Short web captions
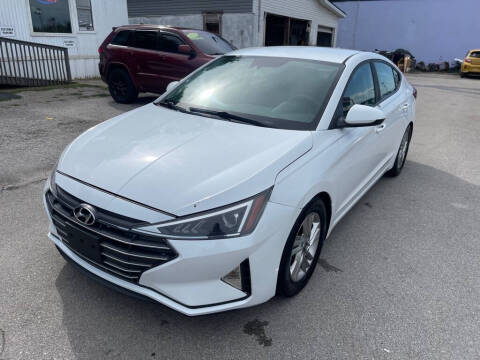 2019 Hyundai Elantra SEL FWD photo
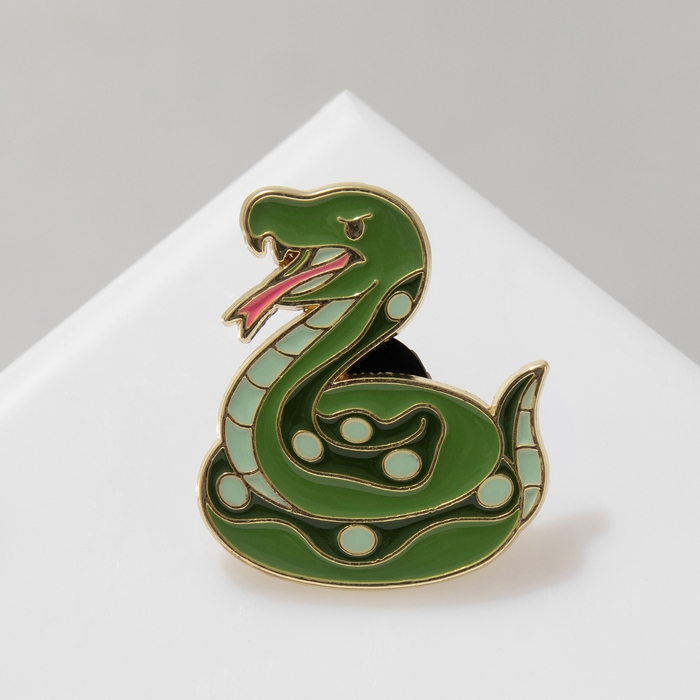 Значок «Змейка» шипящая, цвет зелёный в золоте Значок «Змейка» шипящая, цвет зелёный в золоте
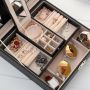 Casket, jewelery box - black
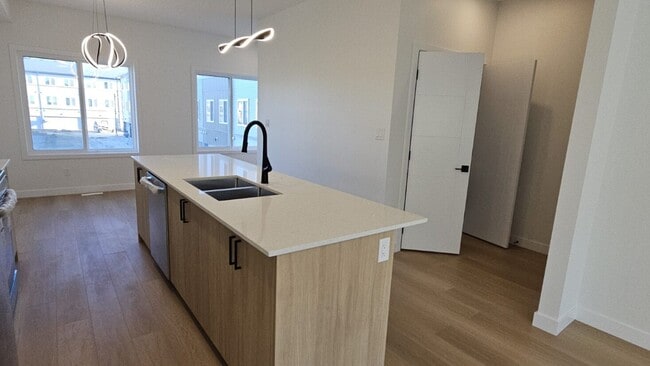 Photo du bâtiment - 18120-18128 28 Ave SW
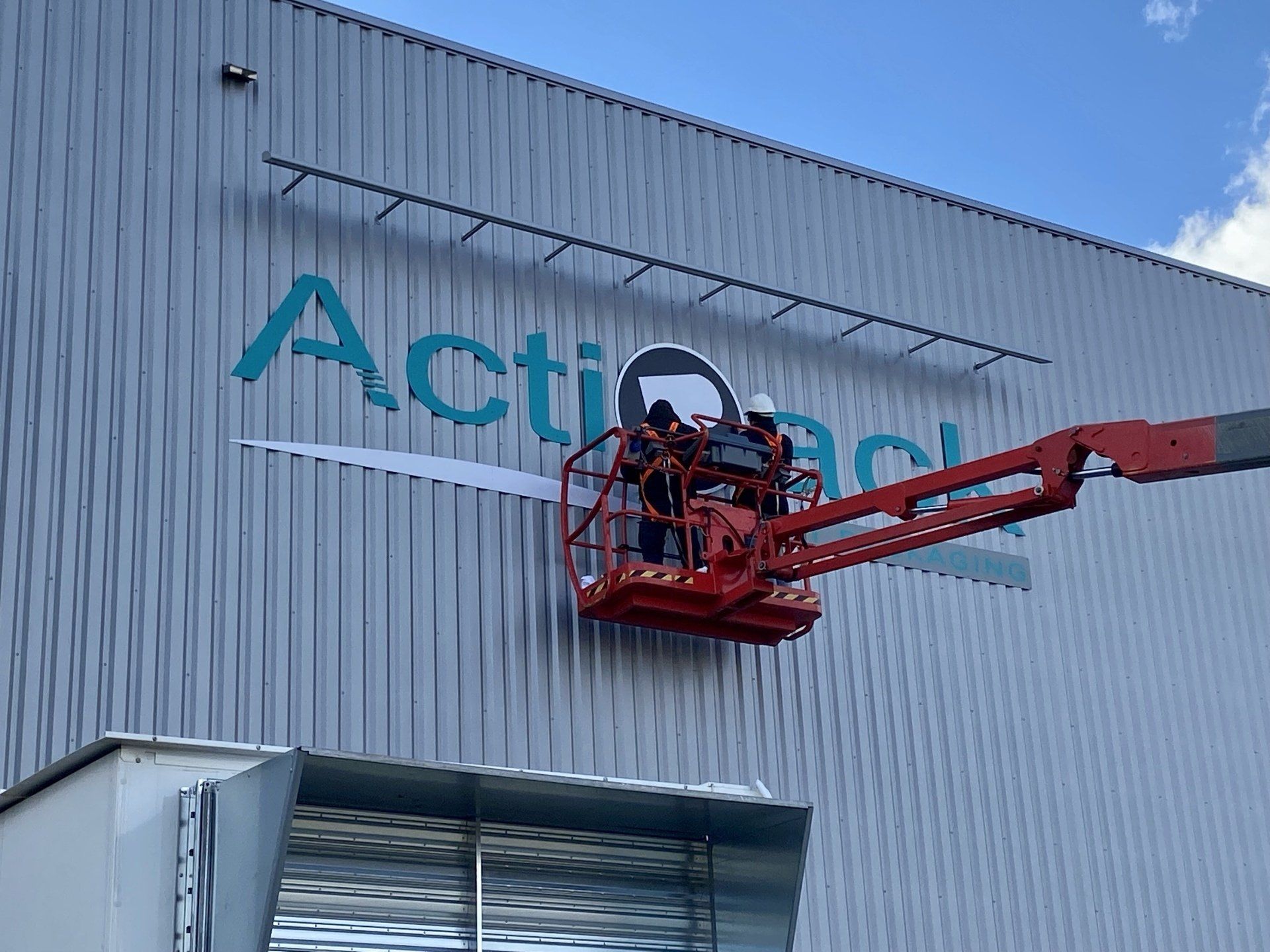 Pose enseigne nacelle Saint Etienne et Lyon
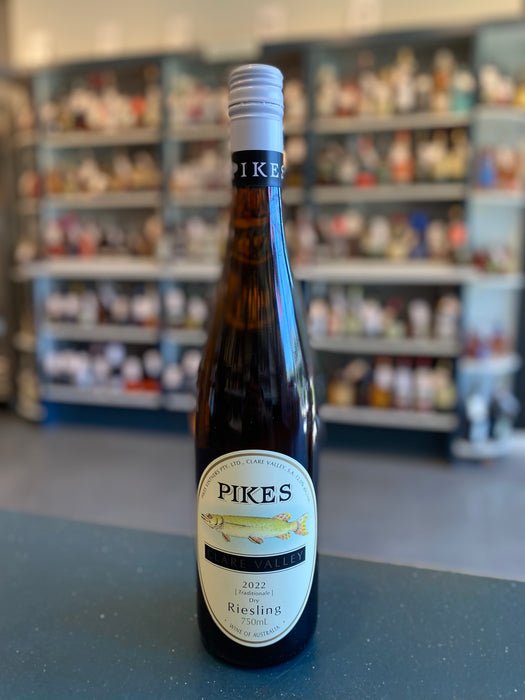 PIKES 'TRADITIONALE' DRY RIESLING, AUSTRALIA 2022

### Assignment
Each line from the one holding "в золоте Значок" through the final line of the data needs to be transcribed exactly. Include both ends, skip the pictures, and add nothing.

### Answer space
 Значок «Змейка» шипящая, цвет зелёный в золоте Значок «Змейка» шипящая, цвет зелёный в золоте
 Casket, jewelery box - black
 Photo du bâtiment - 18120-18128 28 Ave SW
 Pose enseigne nacelle Saint Etienne et Lyon
 PIKES 'TRADITIONALE' DRY RIESLING, AUSTRALIA 2022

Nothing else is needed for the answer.